GSoC'24 Week 1 & 2 Progress: Building a Cross-Validation Framework in Octave

In the past two weeks, I have been working on enhancing the statistics package for GNU Octave by implementing a cross-validation framework for classification models. The focus has been on implementing a 'crossval' method in the 'ClassificationKNN' class and creating a ‘ClassificationPartitionedModel’ class and a ‘kfoldPredict’ method. Together, these provide a solid foundation for cross-validation in Octave. This blog will walk you through the progress, challenges, and solutions implemented. 

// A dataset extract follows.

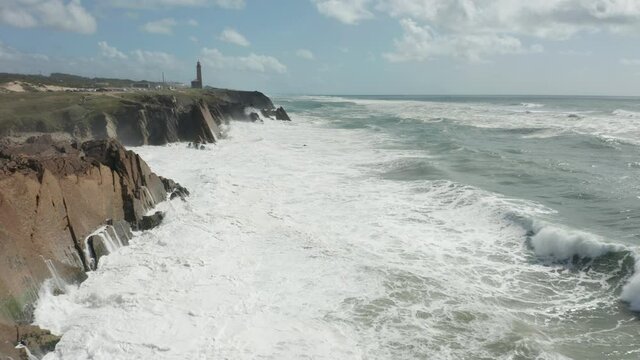 Flying past rocky coastline with white waves slamming onto cliffs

Cross-validation is a method used to evaluate and improve the performance of machine learning models. It is essential in classification models, where the goal is to categorize data into predefined classes. Cross-validation helps assess how well a model will generalize to an independent dataset, which is critical for ensuring its robustness and reliability.

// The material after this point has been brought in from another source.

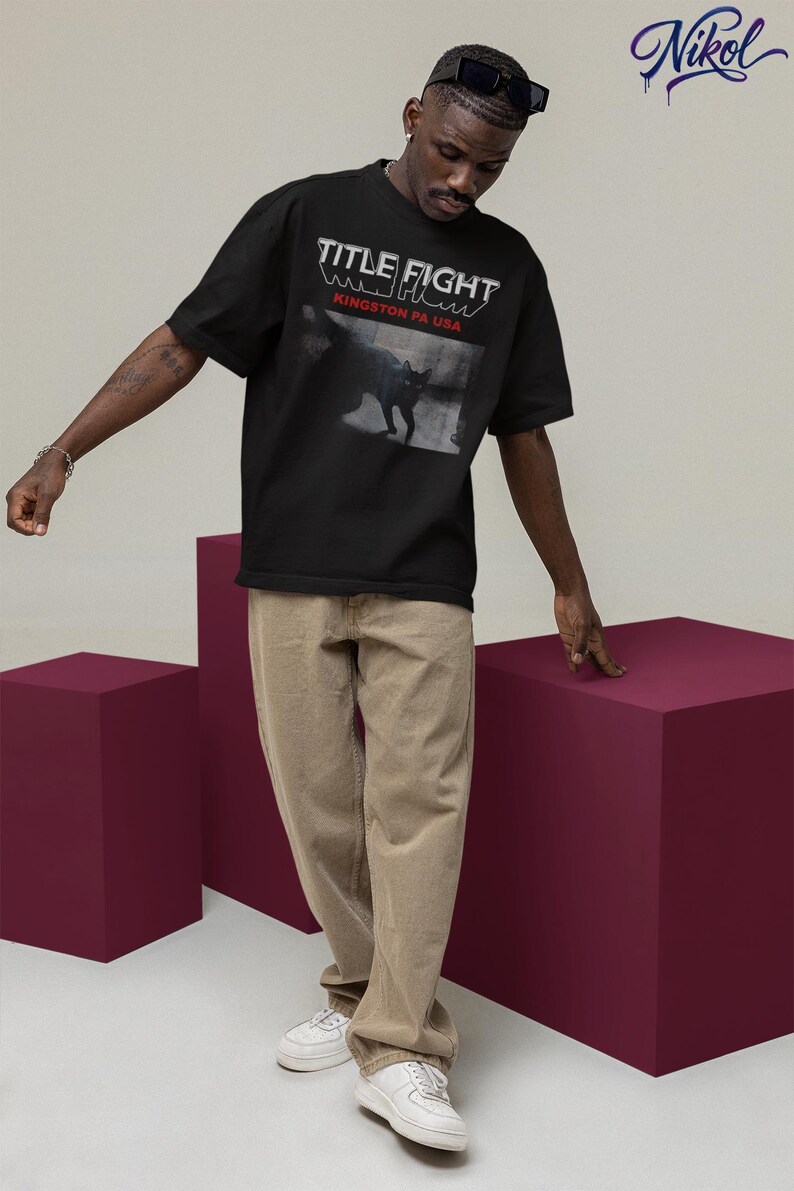 Outdoor lifestyle shot of a white unisex t-shirt, front print featuring Title Fight on the chest area.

The process involves partitioning the dataset into a set of folds, training the model on some folds, and then validating it on the remaining fold. This cycle is repeated until each fold has been used as a validation set. This method provides a comprehensive evaluation as it tests the model on multiple subsets of the data.

To start, I focused on setting up the ‘ClassificationPartitionedModel’ class. This class is designed to handle cross-validation for classification models. The constructor for ‘ClassificationPartitionedModel’ was implemented to initialize the properties and to train the models on k-1 folds while reserving 1 fold for validation. This involved handling different types of classification models, with the initial implementation focusing on ClassificationKNN. Here's a breakdown of the constructor:
  • Initialization of Basic Properties: The constructor initializes fundamental properties like X, Y, ClassNames, Cost, CrossValidatedModel, KFold, ModelParameters, NumObservations, Partition, PredictorNames, Prior, ResponseName, and Trained.
  • Training Initialization: The constructor initializes the training process by setting up the partition object for cross-validation and preparing a cell array to store the trained models.
  • Model Training Loop: The constructor iterates over each fold, creating training and validation sets, training the model on the training set, and storing the trained model.
  • Object Construction: Finally, the constructor creates the ClassificationPartitionedModel object with the initialized properties and the trained models.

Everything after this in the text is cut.